In 1993, at the Black Sage Ranch in rural New Mexico, a mass suicide marked the end of the Perfect Heaven cult. Years later you have arrived alone, in an effort to make sense of this senseless act. The ranch remains untouched, allowing you to plumb the depths of the faith, the lives, and the doubts of the faithful. You’ll learn of their daily routines, their clandestine meetings, their shocking rituals, and the true nature of their leader. Only by following the trails of clues can you come to understand how they met their end, and how their final fate reaches far beyond that fateful day so many years ago.
To set you about your task, Sagebrush drops you by you car on the outskirts of the compound. With a few basic first-person adventure controls, you’ll find your way past the fence and into the abandoned homes and halls of the lost cultists. Here you’ll need to comb shelves and desks for all kinds of clues, from obvious ones like keys and tape recordings to more subtle ones like pamphlets and scriptures. The game does an excellent job of laying out a breadcrumb trail for you, because you’ll always know exactly where you’re heading next and what you find there will absolutely point you to the next stop on your grim tour.
And a grim tour it is, thanks to all its myriad parts working in perfect harmony. The lo-fi aesthetic really sets the tone in a big way, featuring warm, chunky pixels that evoke the rustic mystery of abandoned places while leaving plenty of room for your imagination to fill in the gap. There’s really no soundtrack, either, just plenty of unsettling ambient sounds like planks creaking and wind whistling that only grows more ominous the later it gets. The story makes the most of this atmosphere, too, dropping more and more indications of terrible misdeeds as the sun sets and the darkened buildings give up their secrets only in the glow of your little flashlight. That solitude I mentioned before becomes a powerful force as you progress, psyching you out when there’s really no reason to even suspect something afoot.
I really want to stress this point, because it’s what makes Sagebrush stand so far out from its peers. Late in the game there was a sequence in a claustrophobic area that had my hair standing on end.
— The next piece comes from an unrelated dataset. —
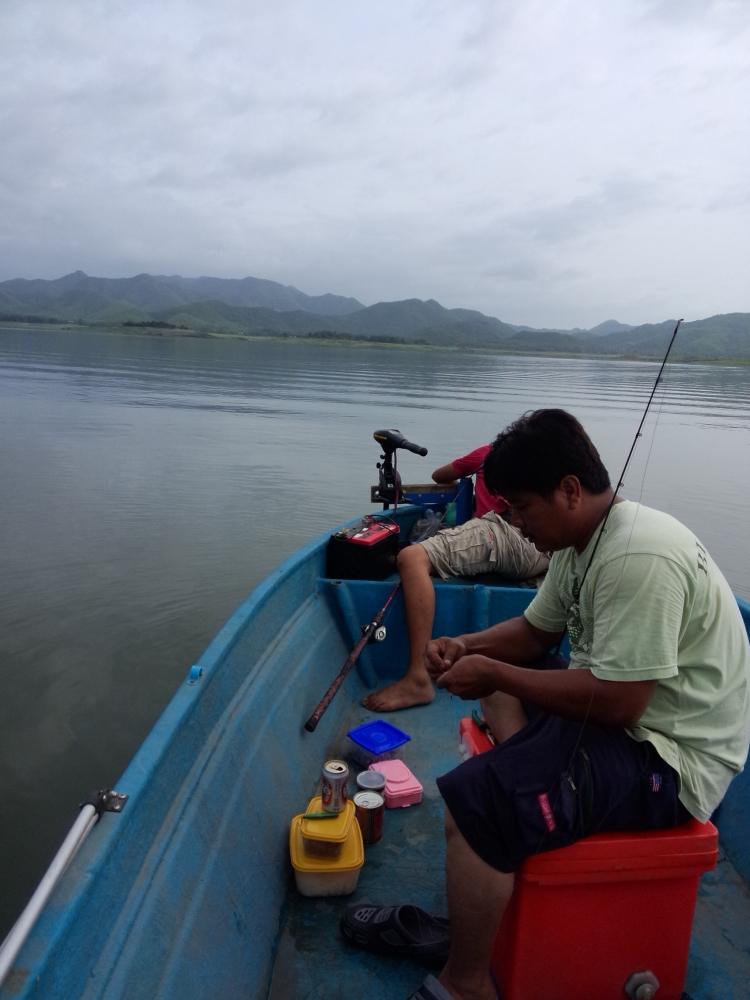 เอาเรือลงไม่ได้ถ่ายไว้ครับเพราะรถไม่ใช่4/4 เลยต้องช่วยกันไม่งั้นเดี๋ยวงานเข้า  ลงเรือเสร็จน้าชัยประก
It was the kind of place where other indie horror games would hit you with a stinger or jumpscare, but without spoiling anything that actually happens here I will say that Sagebrush took no such cheap shots. And the end result was a persistent sense of dread, a feeling that this place I found myself in itself was the enemy, was the oppressive presence I feared, not some nebulous shadow man or loud noise. The end of the game only builds on this notion, with a sequence that took one of my most reviled tropes in modern horror gaming and turned it into something genuinely special and extremely effective.
By the end of Sagebrush, I was so impressed that I struggled to find fault with it. There were points where I didn’t follow the path quite so clearly and did some unnecessary wandering, and I did notice a bug or two with subtitles or texture clipping. But I struggle to recall those moments in light of the terrible revelations and dreadful places I visited, especially since so much of it happened in my own head. Sagebrush doesn’t jump out and scare you, it shows you something with horrific implications and lets you imagination paint the world with it. It creates a place where, by all accounts, you are safe, yet you spend your time studying the fears and traumas of people who died terrible, mysterious deaths. For my part that’s the best kind of horror, the kind that shows you something and lets you horrify yourself, and that’s what makes me put Sagebrush near the top of just about any indie horror list.